A propósito de cualquier cosa admitió lo indudable: si él no logra pacificar el país, su proyecto llamado la cuarta transformación carecerá de sustento y trascendencia históricas.
Implícitamente, la declaración es una confesión del desplome de este régimen. A mitad del sexenio, uno de los fracasos más trascendentes del presidente López y su equipo se da en materia de seguridad.
No se trata solamente del incremento cotidiano de asesinatos por doquier en el territorio mexicano. Cierto, el sexenio de López Obrador pasará a la historia como el más sangriento de la historia patria.
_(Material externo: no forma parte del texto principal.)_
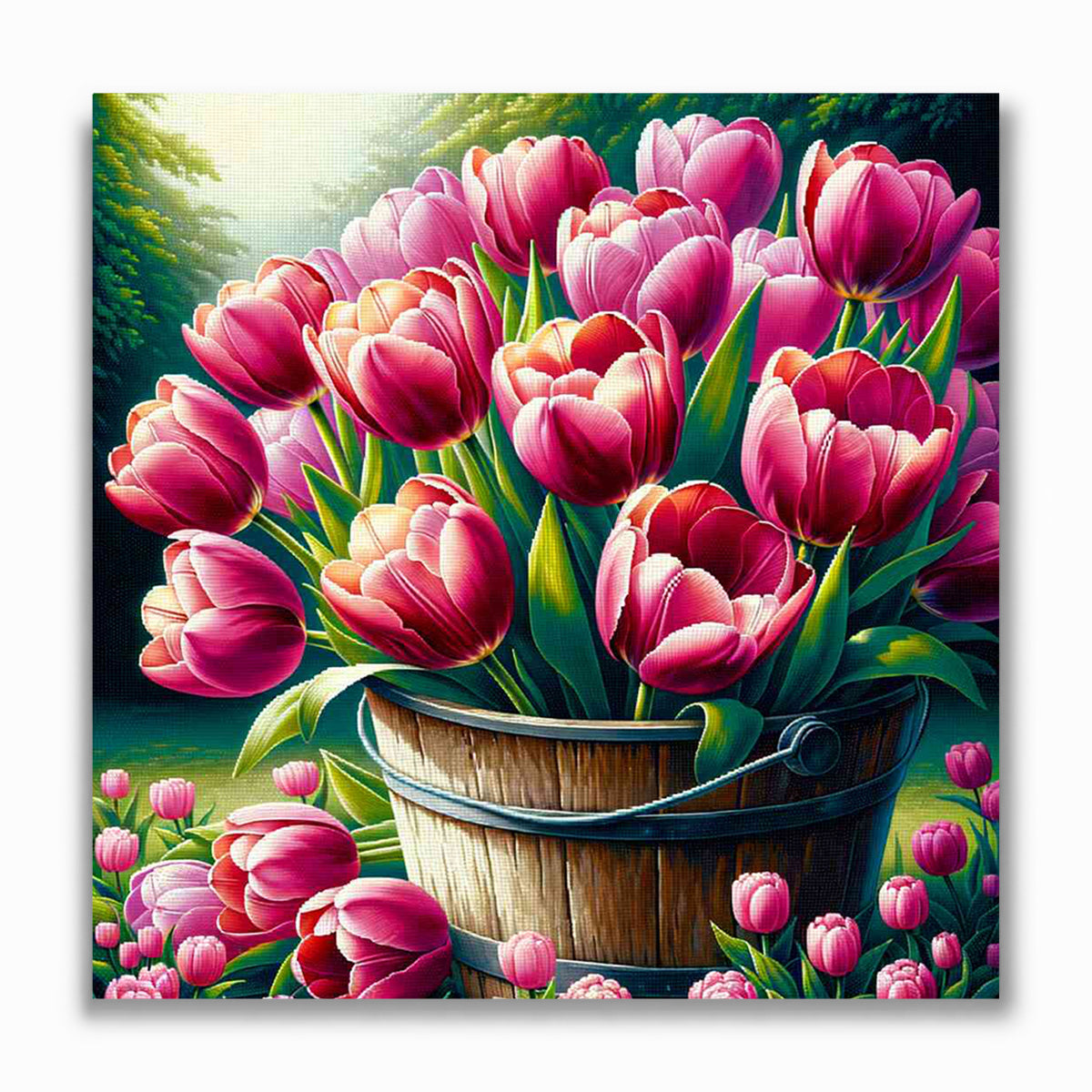 Malen nach Zahlen - Rosa Tulpenstrauß im Eimer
Pero a más de ello, es fácil adivinar la extensión de nuestro país que está fuera del mando de la autoridad oficial.
Nos acostumbramos, desde enero de este siglo en que agonizaba el sexenio de Salinas y poco más tarde iba a morir el candidato Luis Donaldo Colosio, a que los altos de Chiapas fueran terra ignota para el gobierno mexicano y que ahí nada más los chicharrones del EZLN tronaban. Pero eso era nostálgico, encapuchado, indígena y sobre todo lejano. Hoy Chenalhó sigue siendo territorio ajeno.
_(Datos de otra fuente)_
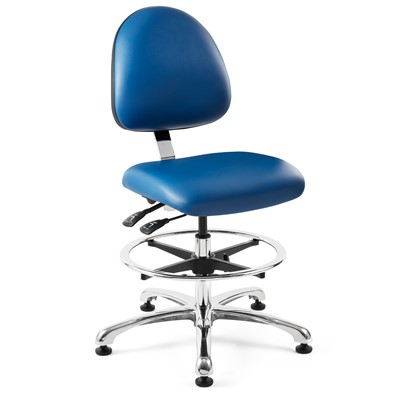 Bevco 9551MC4-BL - Integra-CR 9000 Series Class 10000 Cleanroom/Laboratory Chair - Vinyl - 21.5"-31.5" - Mushroom Glides - Blue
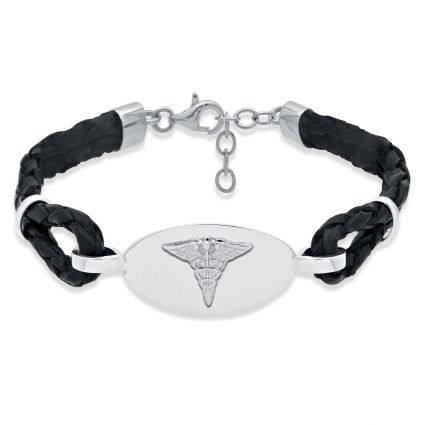 Mens Leather & Sterling Silver Medical Bracelet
Pero también lo son la frontera chica de Tamaulipas, la costa chica de Guerrero, o los estados enteros de Sinaloa, Zacatecas, Michoacán, Oaxaca y las costas de Jalisco y -sobre todo- Nayarit. Todo ese territorio está en los mapas que le enseñamos a nuestros niños en la primaria diciéndoles que es parte del territorio nacional.
No es cierto: se trata de territorio ocupado por la delincuencia organizada, principalmente de los grupos de narcotraficantes que entre ellos se disputan a sangre y fuego el predominio. Sin tomar en cuenta los cuerpos de seguridad nacional. Policías, Guardia Nacional, marinos o soldados se esconden, se guardan, se ocultan o son desarmados cuando a los malitos se les da la gana y retenidos, humillados, vejados, a ciencia y paciencia de sus mandos.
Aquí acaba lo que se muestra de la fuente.